**Exercise brief**
Once the line with "Smiltenē notikušais Latvijas" is found in the entries below, print it and each following line exactly, stopping after the line with "Autors: SANDRA PĒTERSONE"; print nothing else.

Segment Start: Dataset entries

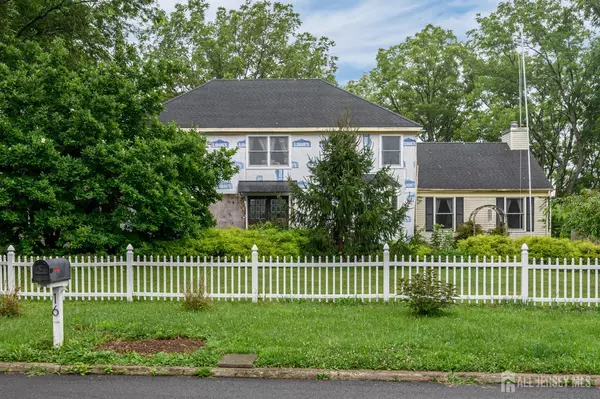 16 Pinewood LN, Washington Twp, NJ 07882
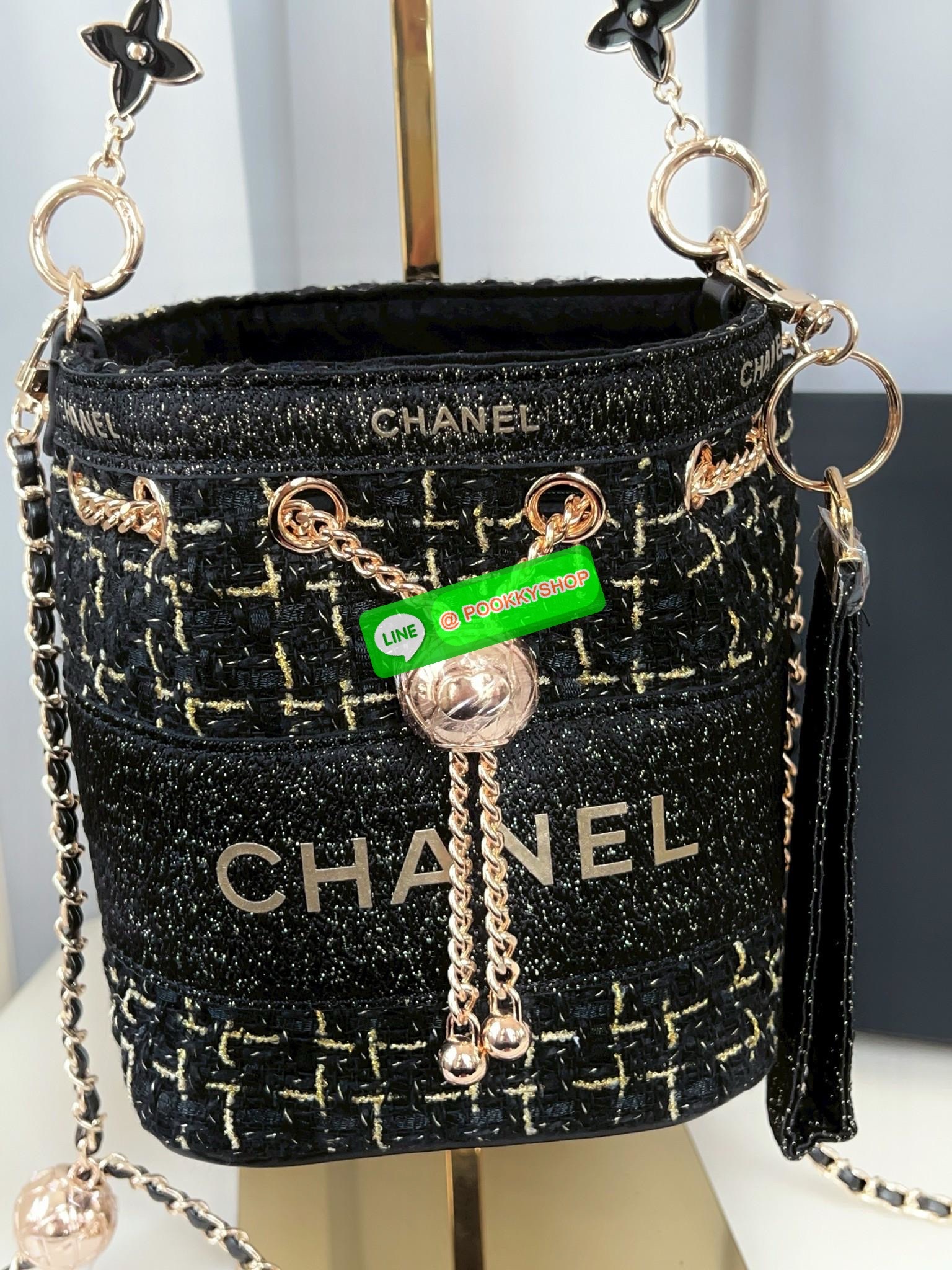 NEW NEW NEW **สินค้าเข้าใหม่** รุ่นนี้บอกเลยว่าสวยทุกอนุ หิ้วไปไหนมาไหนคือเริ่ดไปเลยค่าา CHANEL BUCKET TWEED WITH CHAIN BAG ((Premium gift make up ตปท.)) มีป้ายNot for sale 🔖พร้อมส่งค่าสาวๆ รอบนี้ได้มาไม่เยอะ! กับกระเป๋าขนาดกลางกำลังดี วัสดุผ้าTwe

Segment End: Dataset entries
Segment Start: Dataset entries

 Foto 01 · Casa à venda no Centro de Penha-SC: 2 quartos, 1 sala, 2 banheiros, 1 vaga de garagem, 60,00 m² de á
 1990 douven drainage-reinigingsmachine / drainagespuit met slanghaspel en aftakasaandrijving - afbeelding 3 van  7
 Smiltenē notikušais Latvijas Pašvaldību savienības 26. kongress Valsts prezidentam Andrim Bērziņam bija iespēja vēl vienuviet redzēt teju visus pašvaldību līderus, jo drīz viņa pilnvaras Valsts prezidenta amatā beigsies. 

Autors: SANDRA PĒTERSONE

Segment End: Dataset entries
Segment Start: Dataset entries

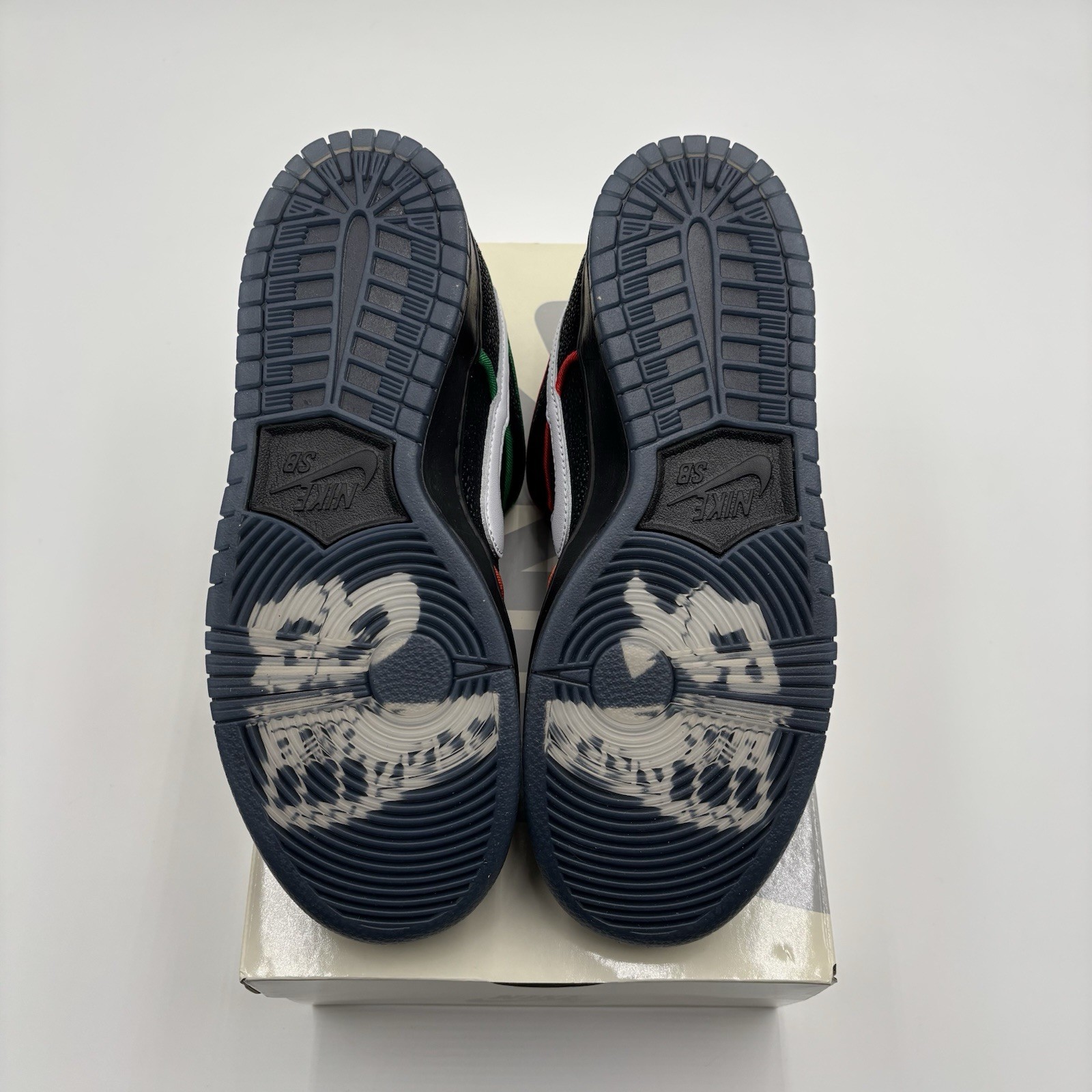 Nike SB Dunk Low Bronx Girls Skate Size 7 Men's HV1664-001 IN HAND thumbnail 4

Segment End: Dataset entries

**Solution to the exercise**
 Smiltenē notikušais Latvijas Pašvaldību savienības 26. kongress Valsts prezidentam Andrim Bērziņam bija iespēja vēl vienuviet redzēt teju visus pašvaldību līderus, jo drīz viņa pilnvaras Valsts prezidenta amatā beigsies. 

Autors: SANDRA PĒTERSONE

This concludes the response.